The Daily Tar Heel

Serving the students and the University community since 1893

Friday July 23rd

Column: Unequal upon arrival at UNC

ishmael

Ishmael Bishop.

After three years of attending UNC, an institution historically built upon the backs of countless unnamed black bodies, a few facts have come to my attention.

It is here that I attended class without being conscious that UNC has only been open to people of color since 1955, beginning with the admittance of three undergraduate students — and only then because of judicial intervention.

It would be an insult to describe our society as post-racial because the wounds of slavery and segregation are still bleeding.

I graduated from a North Carolina public high school in 2012 and came to Chapel Hill, which promised me a fair and holistic education upon enrollment. At UNC, I am surrounded by systems of support that do not actually guarantee my academic success.

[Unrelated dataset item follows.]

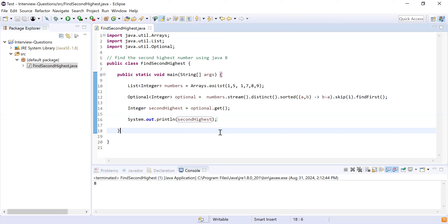Volatile is where, when you mark a variable as volatile, no thread will cache that value — it will always be read directly from memory. Whenever thread one wants to read it, it goes to memory; when thread two wants to read it, it also goes to memory. No thread caches it at their level — that is where volatile comes in.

Attending an institution like UNC is still but a dream for so many students of color with stories similar to mine because of the vast disparity that exists with respect to high schools’ abilities to provide opportunities for their students to meet college prerequisites.

If it were not for the high school clustering that resulted in my taking classes for college credit, I might have been unable, like so many students who come here, to complete my degree on time.

Due to racist prerequisites, some students of color or low socioeconomic status are excluded from pursuing certain majors. In eight semesters, it is nearly impossible to graduate with a bachelors of science in a STEM field if you must first complete a course in “College Algebra.” Most students who place out of this prerequisite can either afford the SAT Subject Tests or have access to a school with an adequate teaching staff for teaching Advancement Placement courses.

“Separate but equal” is an absurd justification for segregation based on race, so why do we condone such exclusively unequal opportunities? Any student graduating from an accredited N.C. high school should be able to complete any course of study that results in a degree.

It’s clear the problem lies in our unwillingness to equitably fund the schools responsible for preparing students for the rigor of a university education. Similarly, this criticism of the University-industrial complex can be applied to athletes recruited to participate in revenue sports with varying levels of academic readiness.

To address issues of academic preparedness and encourage the pursuit of STEM degrees, the University should increase the availability of tutors and open up sustainable lines of communication between students and professor. This should go beyond peer tutoring or meeting with a professor for sometimes inconvenient office hours.

Black students are on this campus and will prosper. If this means intervention from the courts, we have our lawyers; if it means calling upon the President to allow us access to our educational birthright, we have the National Guard. Most of all, we have our voices and we will be heard.